Recent Hollywood versions of Godzilla have put the kaiju into less Japan-centric contexts. The last was 2021’s “Godzilla vs. Kong.” Legendary Pictures, which licenses the character from Toho, will on March 29 release with Warner Bros. “Godzilla x Kong: The New Empire.” If not for its coming debut, “Godzilla Minus One” might still be playing in theaters. It bowed out of cinemas in late January after the one-week run of a black-and-white version.
But unlike more broadly blockbuster-styled Godzilla films, “Godzilla Minus One” is rigorously rooted in a Japanese perspective.
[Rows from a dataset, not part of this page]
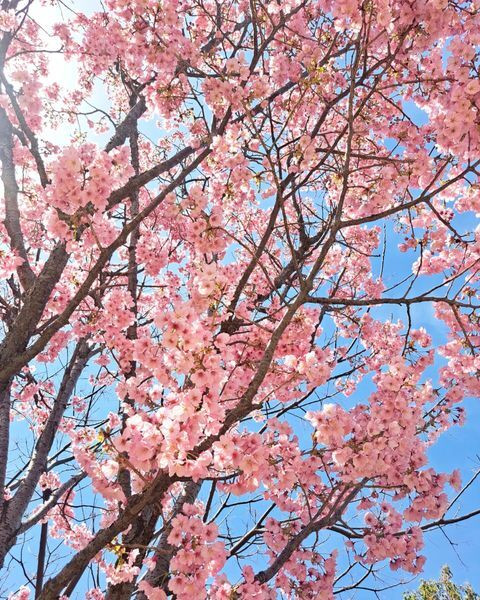 gelsomina.kさんの写真 / 1
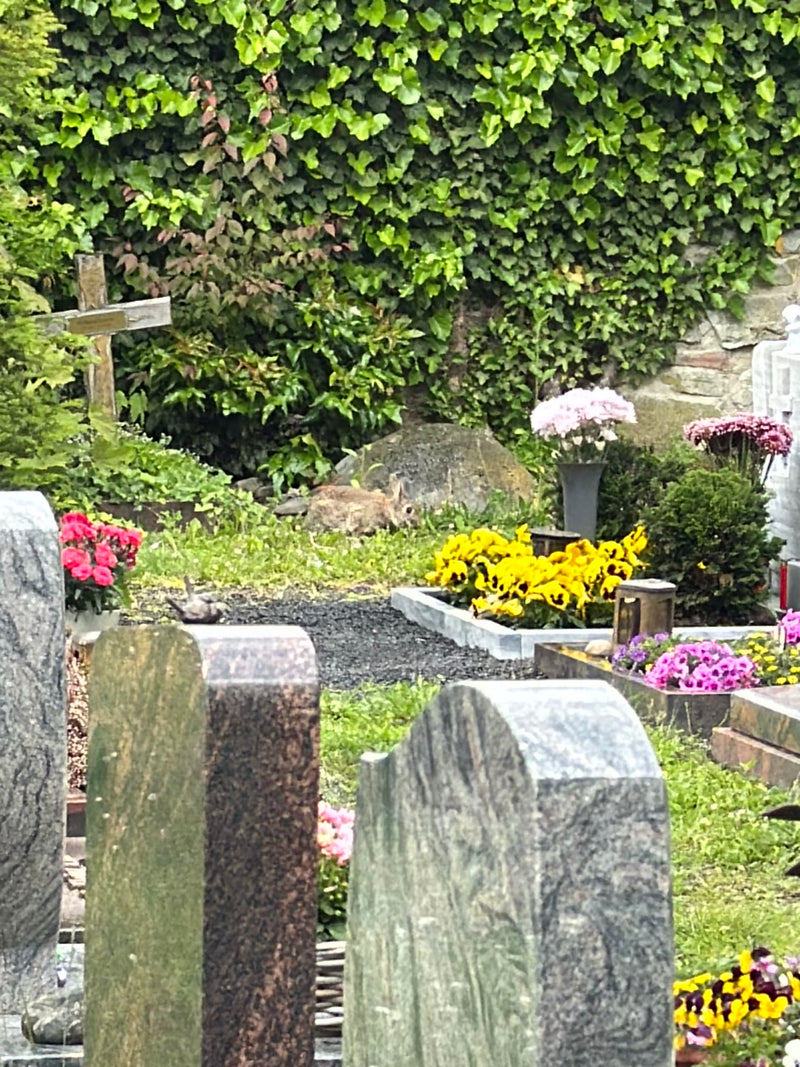Ein Wildkaninchen sitzt im Hintergrund auf einem Friedhof zwischen Gräbern und Blumenbeeten. Im Hintergrund ist eine begrünte Steinmauer mit Efeu zu sehen.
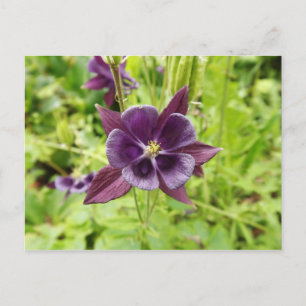Carte Postale Colonne violette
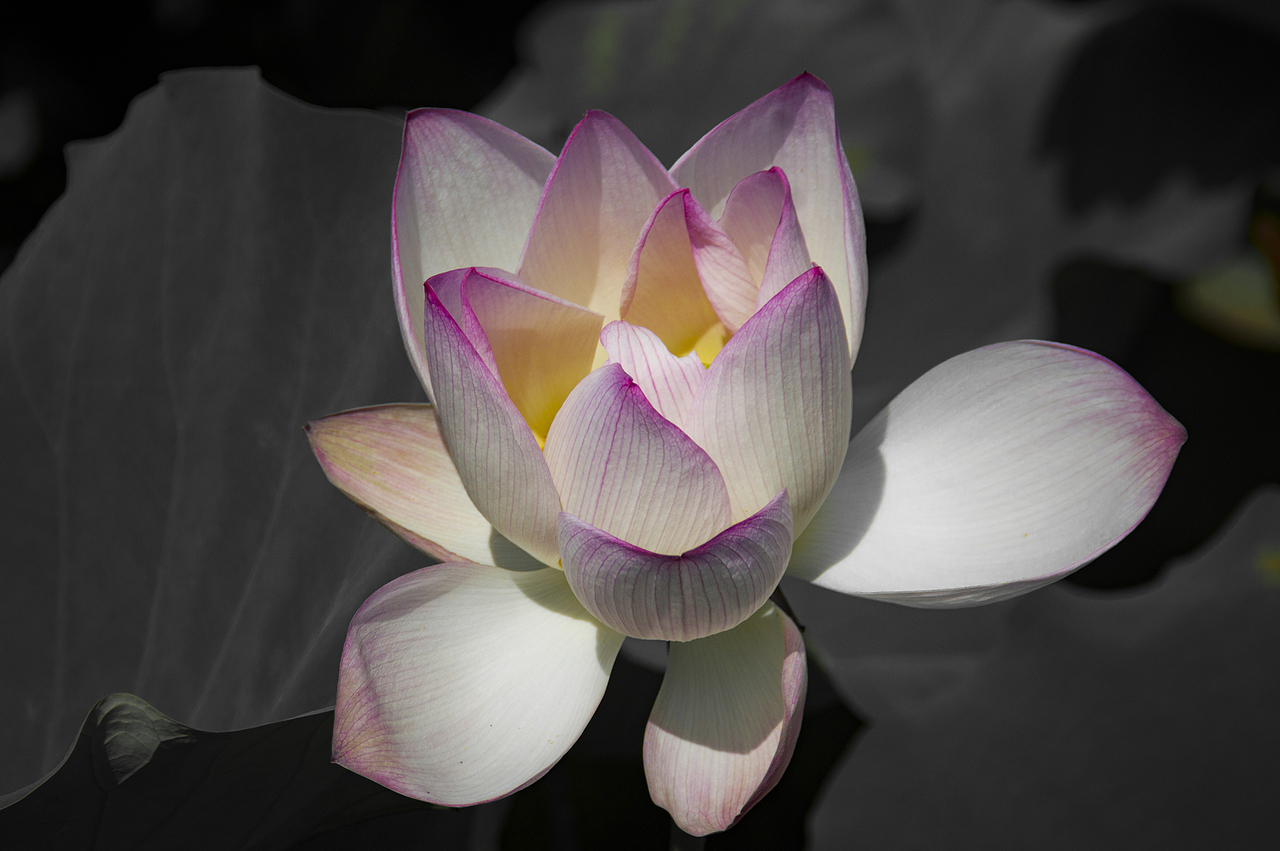 随拍日记（一）（图ZMjI4NzU4NDUy） - 风光摄影 - 站酷设计师萧萧易水丶原创素材 - 站酷ZCOOL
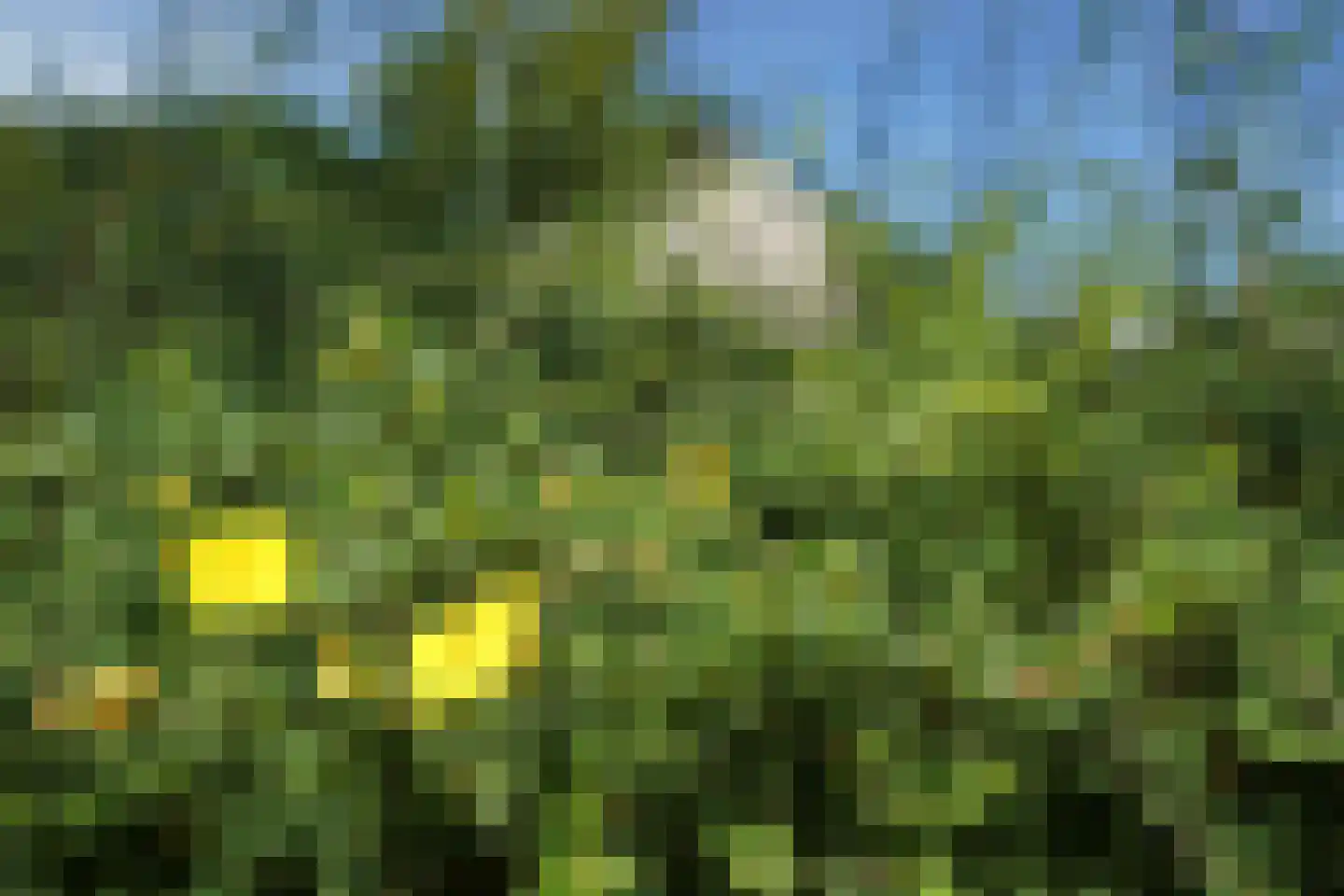 Buizerdstraat 7 Putten thumbnail 54
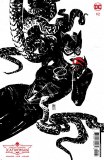 Knight Terrors Catwoman #2 25 Copy Variant
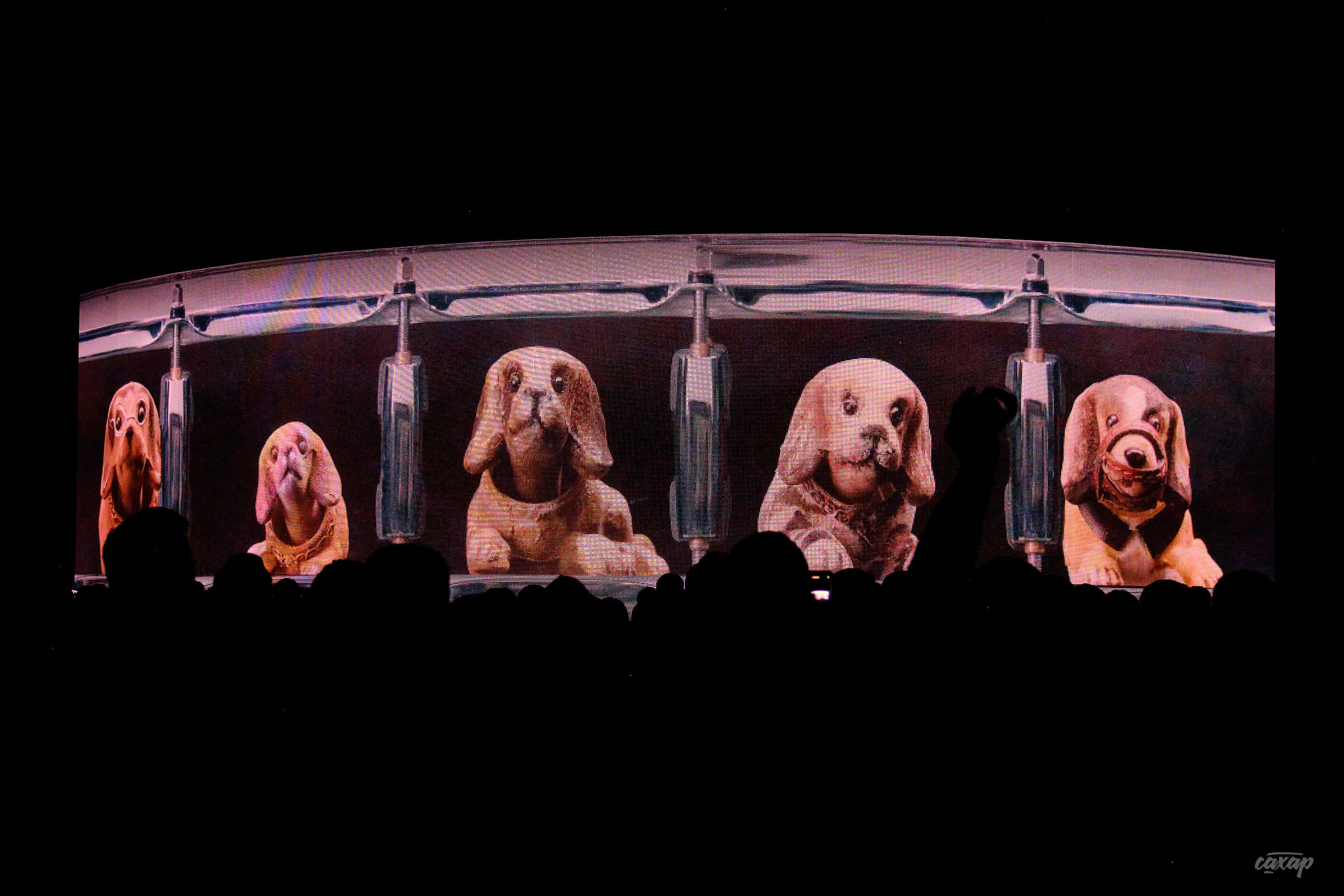 Ддт и Юрий Шевчук. Профессиональный фотограф в Екатеринбурге Юра Сахар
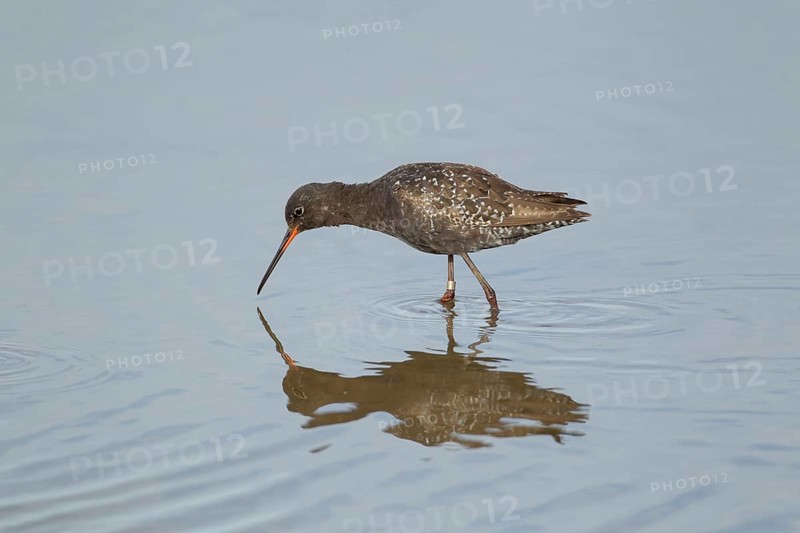 Spotted redshank (Tringa erythropus) adult male wading bird in summer plumage in a shallow lagoon, RSPB Titchwell nature reserve, Norfolk, England, United Kingdom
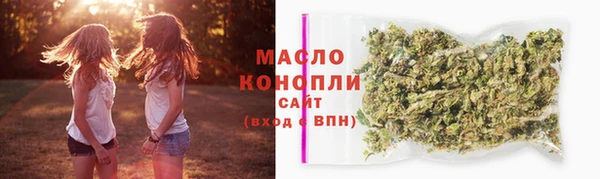 гидра Абаза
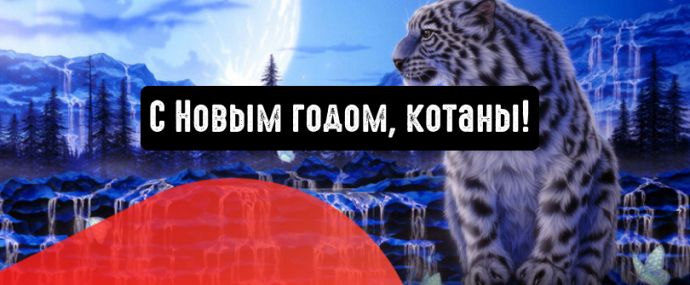 С Новым 2022 годом, котаны!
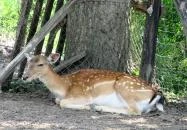 Füzesgyarmati Állatpark & Vadfarm Füzesgyarmat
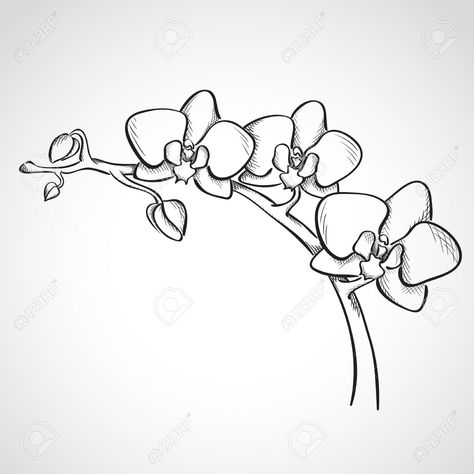 Sketch orchid branch, hand drawn, ink style Stock Vector - 27321479 Simple Orchid Drawing, Orchid Outline, Orchid Illustration, Orchid Drawing, Branch Drawing, Simple Flower Drawing, Orchids Painting, Orchid Tattoo, Flower Line Drawings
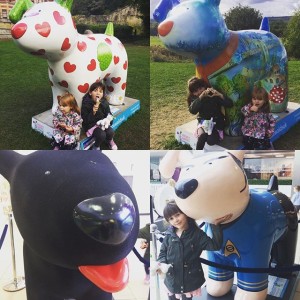 14515691_186159261792547_3342240058215235584_n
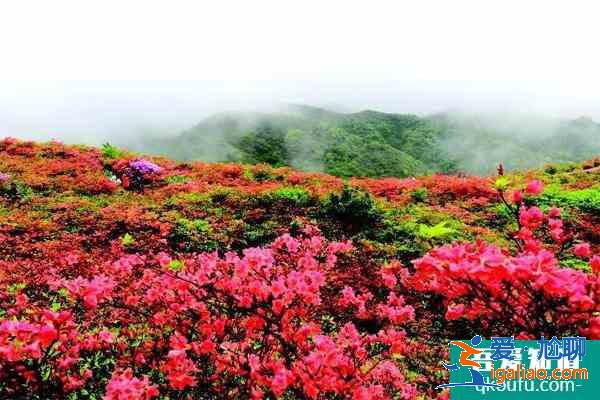 2021浏阳杜鹃花什么时候开 浏阳杜鹃花旅游路线？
Some have lamented that “Oppenheimer,” in staying close to J. Robert Oppenheimer’s story, leaves out any Japanese experience of the bombs dropped on Hiroshima and Nagasaki. But what’s absent of “Oppenheimer” is everywhere in “Godzilla Minus One.”
Yamazaki has only seen an English version of “Oppenheimer”; the film hasn’t yet been released in Japan. But he believes it’s telling that both he and Nolan were separately drawn back to the dawn of the nuclear era.
“The world, in some sense, has forgotten the implications, the impact, the ramifications of what a nuclear war could entail,” Yamazaki says. “How bad that can be, our collective awareness has been either desensitized or we’ve simply forgotten about because so much time has passed. This increased level of threat and the possible usage of it, perhaps humanity on a very subconscious level is feeling that and we’re somehow compelled to address it or come up with our interpretations to this issue.”
Another Oscar-nominee, Hayao Miyazaki’s “The Boy and the Heron,” is likewise set around World War II. The best animated feature nominee opens with the firebombing of Tokyo and the death of a boy’s mother. The boy, taken to the countryside, is forced to process his grief (his father marries his dead wife’s sister) while navigating a secret dream world.
“The Boy and the Heron,” too, was a box-office hit for the venerated anime master Miyazaki — another recent example of international cinema attracting big U.S. audiences.
“This whole experience has made me realize and appreciate the literacy of the international moviegoing audience and the North American moviegoing audience,” says Yamazaki. “That relates not just to ‘Godzilla Minus One’ but ‘Oppenheimer.’ There’s so much political and historical nuance and baggage that those films carry, but audiences can find it entertaining and also critically acclaimed.”
Godzilla will, hopefully, land at the Academy Awards a little more peacefully than he has in previous international trips. But he may walk away victorious. Some oddsmakers favor “Godzilla Minus One” to win. Either way, Yamazaki has been carrying a small Godzilla figurine in his hands wherever he goes.
“It was Godzilla who brought us here,” Yamazaki says.